Затем Гений отправляется в деревню, где на его глазах происходит сцена сельской идиллии, переосмысленной в новом духе. Селянин Лука, вернувшийся на побывку из действующей армии, застигнут мамашей невесты в момент, когда уже успел зайти в своих ухаживаниях за ее дочерью излишне далеко. Патриархально настроенная будущая теща бранит героя за чрезмерную торопливость, потом прощает, «ибо помыслы были благими», но призывает все же сначала «пред страною исполнить свой долг», а уж после… Тут за воина вступается поселянин Матюрен, который начинает перечислять доблестные дела республиканских армий. Все это приводит Гения в неописуемый восторг. «Да!.. — восклицает он. — Вот те французы, что за варваров слывут!» Эта реплика имела вполне точный адрес: она должна была напомнить зрителям негодующую речь Робеспьера против английского премьер-министра Питта, назвавшего жителей Франции «народом антропофагов». (Реплика появилась в пьесе уже в 1793 году). Представление завершалось апофеозом: Гений появлялся перед зрителями «на ложе славы» в окружении «прочих небесных духов» и торжественно объявлял французам, что они и впредь останутся под его покровительством.

Ныне при чтении этой и множества ей подобных пьес на ум приходят слова, сказанные на другом языке современником другой революции Юрием Олешей, заметившим, что чем стремительнее время, тем медленнее должны думать поэты. Как он был прав! Под конец даже сами якобинцы спохватились и выступили против «эбертизма в цензуре», из-за которого «развелись толпы авторов, проворных в вынюхивании политической злобы дня: они знают, когда надо нахлобучить красный колпак, а когда его содрать с головы, их торопливый гений спешит взять город, еще только осажденный нашей армией… Отсюда порча вкуса, унижение искусства… Посредственность, пристроившаяся под эгидой свободы, с ее именем на устах растаскивает ее нетленую славу, разменяв на свои минутные триумфы».

Произнеся эти справедливые слова, член Комиссии народного просвещения Пэйан заключает, опять грозно преувеличивая, но уже по-новому: «Всякое посредственное драматическое произведение служит контрреволюции». К этому времени Конвент успел отобрать у Коммуны права цензуры, оставив ей только полицейский надзор за театрами, и собирался отменить особенно вопиющие по своей бессмысленности запреты, тем самым оздоровив театральную жизнь. Но благим пожеланиям не суждено было сбыться: соратник Робеспьера высказал их менее чем за две недели до термидора.

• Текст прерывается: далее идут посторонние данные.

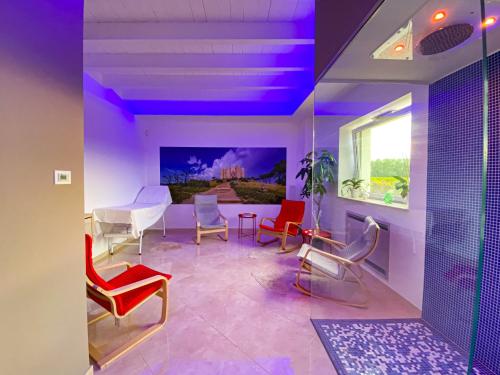 科拉托Tenuta Vigna del Noce的客厅配有五颜六色的椅子和桌子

Впрочем, даже будь у якобинцев больше времени, им нелегко было бы выправить положение. Мечтая о «новых шекспирах», они сделали все возможное, чтобы предотвратить их появление, лишив французских драматургов не только творческой независимости и права на свободу мнений, но даже возможности без риска выражать свои республиканские пристрастия. Ведь, скажем, Лагарп, не расстававшийся с красным колпаком и являвшийся на премьеры своих трагедий в мундире национального гвардейца, поплатился как раз за свой революционный пыл. Читая в одном из лицеев курс литературы, он однажды так разошелся, что вскричал, указывая на свой символический головной убор: «Этот колпак, распаляющий все головы, вконец расплавит мою, если я его сейчас же не сниму!»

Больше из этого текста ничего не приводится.